仮想現実提示中断判定処理部1031は、図15の第9中断条件に従い、ユーザ位置検出部2013で検出された現在位置が、仮想現実の提示ができない位置範囲であるかを判定する。例えば、駅のホームでは仮想現実の提示が禁止されている場合、当該駅のホームの位置範囲が中断条件として記憶されることになる。図15では、ユーザの現在位置のGPS座標が、緯度38.121〜38.253、経度135.124〜135.131の範囲内である場合に、仮想現実の提示を中断すると判定する。
また、例えば、仮想現実提示中断判定処理部1031は、図15の第10中断条件に従い、ユーザ行動特定部3040で特定されたユーザの現在の行動が車を運転していると言う行動であった場合に、仮想現実の提示を中断すると判定する。
なお、仮想現実提示中断条件記憶部3010が記憶する仮想現実提示中断条件は、ユーザに提示されている仮想現実の種類に応じて適宜選択される構成とすると良い。
例えば、「ドラゴンと戦う」と言った内容の仮想現実が提示されているユーザは、体を動かすことが想定されるため、近くに人間がいると問題になることがある。そこで、仮想現実提示中断判定処理部1031は、上記第2中断条件に基づく判定を行う。一方、「家の中に花瓶を飾る」と言った内容の仮想現実が提示されているユーザは、近くに他人がいても問題となる可能性は低い。そこで、仮想現実提示中断判定処理部1031は、上記第2中断条件に基づく判定は行わない。
このように、各中断条件は、ユーザに提示される仮想現実の種類に応じて決定される構成とすると更に良好である。この場合、仮想現実提示システム3000は、図18の構成を取ることが好ましい。図18に示す仮想現実提示システム3000は、仮想現実管理制御部3040を備える。
仮想現実管理制御部3040は、仮想現実提示部1020が提示する仮想現実の管理や制御を行う。

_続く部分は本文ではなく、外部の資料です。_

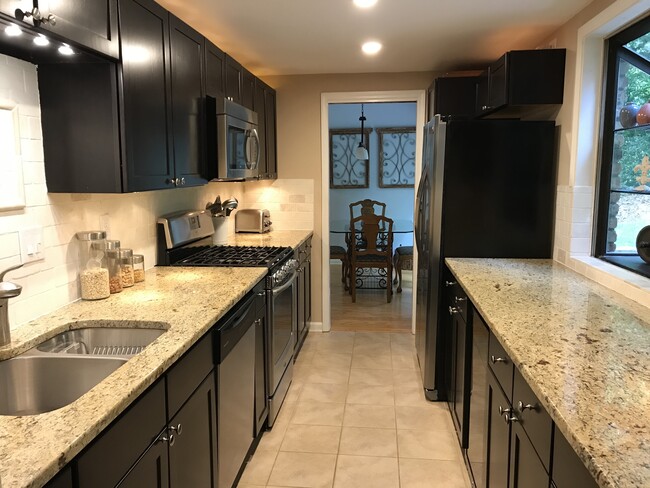 Building Photo - 4889 Lake Forrest Dr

仮想現実管理制御部3040はユーザからの要求等に基づいて、ユーザに提供する仮想現実サービスを決定し、仮想現実提示部1020に当該決定した仮想現実サービスに係る仮想現実を提示するように指示する。
また、仮想現実管理制御部3040は、仮想現実提示部1020が提示している仮想現実に係る仮想現実サービスを識別する仮想現実サービス識別番号を仮想現実提示中断判定処理部1031に通知する。
各仮想現実サービスには、判定に用いられる中断条件が対応付けられている。図19は、各仮想現実サービスと中断条件との対応関係を管理する管理ファイルである。仮想現実提示中断判定処理部1031は、仮想現実管理制御部3040より仮想現実提示部1020で提示される仮想現実に係る仮想現実サービスを識別する情報を入力した場合、当該管理ファイルを参照して判定処理に用いる中断条件を特定する。例えば、仮想現実サービスがNo:VRS0001で識別される仮想現実サービスである場合は、第1中断条件と第3中断条件を満たしているかどうかの判定処理を行う。このように、提示される仮想現実に応じて適宜判定に用いられる中断条件が選択される構成とすることで不要に中断を発生させることなく、適切な中断処理を行うことが可能となる。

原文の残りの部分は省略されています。